= Settlement offer =

Offer to end a civil lawsuit out of court

A settlement offer or offer to settle is an offer to resolve an outstanding issue or account. This may involve a statutory offer to compromise in a civil lawsuit. In either case, it involves communication from one party to the other suggesting a settlement, or an agreement to fully and finally resolve the outstanding issue, account, or dispute. In some jurisdictions, if one party makes a settlement offer, and the other party rejects it, this rejection can limit the ability of the other party to recover costs that would have been saved had the settlement offer been accepted.

==United Kingdom==
In England and Wales, offers to settle are governed by Part 36 of the Civil Procedure Rules. The rules were significantly changed in 2015 to reflect developments in case law. These changes included provision for a settlement offer to be time-limited and to be automatically withdrawn if not accepted by a specified time. One factor leading to change was an Appeal Court hearing in the case of Gibbon v Manchester City Council (2010), where "the central question raised [was] whether Part 36 embodies a self-contained code or is subject to the general law of offer and acceptance insofar as it fails expressly to provide otherwise".

An offer of settlement may be called a Part 36 offer, Calderbank Offer, Calderbank Letter, or Offer of Compromise.
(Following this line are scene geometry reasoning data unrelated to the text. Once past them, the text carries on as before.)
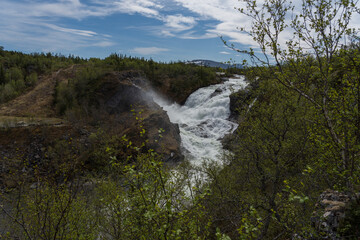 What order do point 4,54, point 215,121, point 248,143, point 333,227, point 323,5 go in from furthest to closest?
point 4,54
point 215,121
point 248,143
point 323,5
point 333,227

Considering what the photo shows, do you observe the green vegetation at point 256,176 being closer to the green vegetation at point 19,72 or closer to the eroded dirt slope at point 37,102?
the eroded dirt slope at point 37,102

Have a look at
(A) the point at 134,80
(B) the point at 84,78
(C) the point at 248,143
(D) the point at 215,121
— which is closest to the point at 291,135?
(C) the point at 248,143

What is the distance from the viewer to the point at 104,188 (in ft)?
32.3

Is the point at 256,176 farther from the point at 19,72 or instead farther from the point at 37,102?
the point at 19,72

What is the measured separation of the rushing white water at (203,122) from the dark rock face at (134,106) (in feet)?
6.33

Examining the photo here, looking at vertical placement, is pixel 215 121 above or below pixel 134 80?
below

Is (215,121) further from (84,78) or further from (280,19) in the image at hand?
(280,19)

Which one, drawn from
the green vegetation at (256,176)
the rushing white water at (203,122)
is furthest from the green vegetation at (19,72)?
the rushing white water at (203,122)

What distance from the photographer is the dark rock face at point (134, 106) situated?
21.3 m

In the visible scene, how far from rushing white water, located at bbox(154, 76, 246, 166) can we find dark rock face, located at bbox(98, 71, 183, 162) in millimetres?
1929

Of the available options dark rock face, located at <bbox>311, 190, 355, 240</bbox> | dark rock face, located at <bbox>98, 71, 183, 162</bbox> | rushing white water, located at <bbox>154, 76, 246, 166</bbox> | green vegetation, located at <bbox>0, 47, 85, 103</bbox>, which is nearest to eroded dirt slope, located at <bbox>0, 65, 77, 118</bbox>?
green vegetation, located at <bbox>0, 47, 85, 103</bbox>

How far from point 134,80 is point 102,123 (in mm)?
7646

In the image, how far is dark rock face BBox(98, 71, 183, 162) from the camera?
837 inches

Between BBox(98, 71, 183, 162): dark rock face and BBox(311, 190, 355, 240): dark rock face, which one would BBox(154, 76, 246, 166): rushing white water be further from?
BBox(311, 190, 355, 240): dark rock face
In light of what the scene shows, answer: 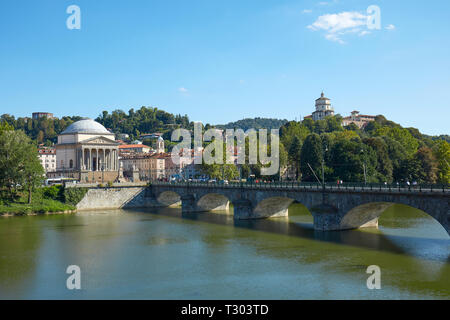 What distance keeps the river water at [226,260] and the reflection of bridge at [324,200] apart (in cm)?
178

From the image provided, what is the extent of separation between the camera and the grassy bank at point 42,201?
63.5 metres

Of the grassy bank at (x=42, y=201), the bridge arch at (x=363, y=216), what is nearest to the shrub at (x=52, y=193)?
the grassy bank at (x=42, y=201)

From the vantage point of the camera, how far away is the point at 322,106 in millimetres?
180500

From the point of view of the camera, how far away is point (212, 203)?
67625mm

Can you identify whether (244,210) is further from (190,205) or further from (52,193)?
(52,193)

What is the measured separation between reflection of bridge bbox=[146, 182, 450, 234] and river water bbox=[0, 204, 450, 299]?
70.1 inches

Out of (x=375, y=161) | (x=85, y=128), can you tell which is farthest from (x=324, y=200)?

A Part 36 offer must be evidenced in writing. Part 36 does not apply directly where a dispute is being addressed via arbitration, but its principles were applied by Edwards-Stuart J in Paul Price v Ian Carter, where an application was made to enforce an arbitration award and a counter-claim was made to set it aside.
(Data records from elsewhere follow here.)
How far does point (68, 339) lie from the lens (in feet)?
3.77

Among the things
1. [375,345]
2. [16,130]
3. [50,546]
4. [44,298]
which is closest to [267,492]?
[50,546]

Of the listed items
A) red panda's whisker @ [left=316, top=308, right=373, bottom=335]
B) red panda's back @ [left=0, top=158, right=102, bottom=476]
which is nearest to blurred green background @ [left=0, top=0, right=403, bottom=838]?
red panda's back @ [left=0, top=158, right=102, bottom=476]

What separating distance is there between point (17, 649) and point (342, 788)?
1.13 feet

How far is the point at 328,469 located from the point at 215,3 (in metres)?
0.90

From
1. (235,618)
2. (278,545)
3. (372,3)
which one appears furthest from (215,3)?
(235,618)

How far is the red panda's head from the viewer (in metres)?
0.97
Under Scots law, a "pursuer's offer in settlement" plays a similar role "in promoting and encouraging early settlement of cases".

==United States==
In the US, evidence of settlement discussions generally, and of settlement offers specifically, is generally inadmissible in court. This is a policy-based exclusion, intended to encourage the settlement of cases out of court, thus freeing up the resources of the court system. In many jurisdictions, written agreement between the litigants may become binding agreements pursuant to the rules of procedure.

===Arizona===
In Arizona, the Rules of Civil Procedure 80 governs binding settlement agreements in civil court and rule 69 of the Arizona Rules of Family Law Procedure governs binding agreements in family court.

===Connecticut===
In Connecticut an offer of compromise is governed by Connecticut General Statute 52-192a. An offer of compromise is a pleading that gets filed with a court to settle a case for a specific amount of money. If the opposing party accepts the offer the case is over. An offer of compromise can first be filed 180 days after the date of service in standard negligence cases and 365 days in medical malpractice cases. An offer of compromise can add a significant amount of money to a case. Interest runs at a rate of 8% over the offer amount and relate back to the date the lawsuit was filed.

===Florida===
In the US state of Florida the offer of a judgment and demand for judgment in negligence-based torts are governed by Title XLV (Torts) Chapter 768 (Negligence): 768.79  "Offer of judgment and demand for judgment". It is also governed by rule 1.442 of the Florida Rules for Civil Procedure "Proposals for Settlement". This process involves making an offer by either party and how the judgment amount affects whether legal fees and costs will be awarded.

==Australia==

Like the United Kingdom, Australia may call settlement offers Calderbank offers, or offers of compromise, pursuant to rule 20.26 of the Uniform Civil Procedure Rules.

A Calderbank offer can be made in writing or orally. Oral offers may create evidentiary issues such that less weight is given to the offer. An effective offer can be made before action. Calderbank Offers and Calderbank Letters often have a major impact on the allocation, by courts, of legal costs between parties.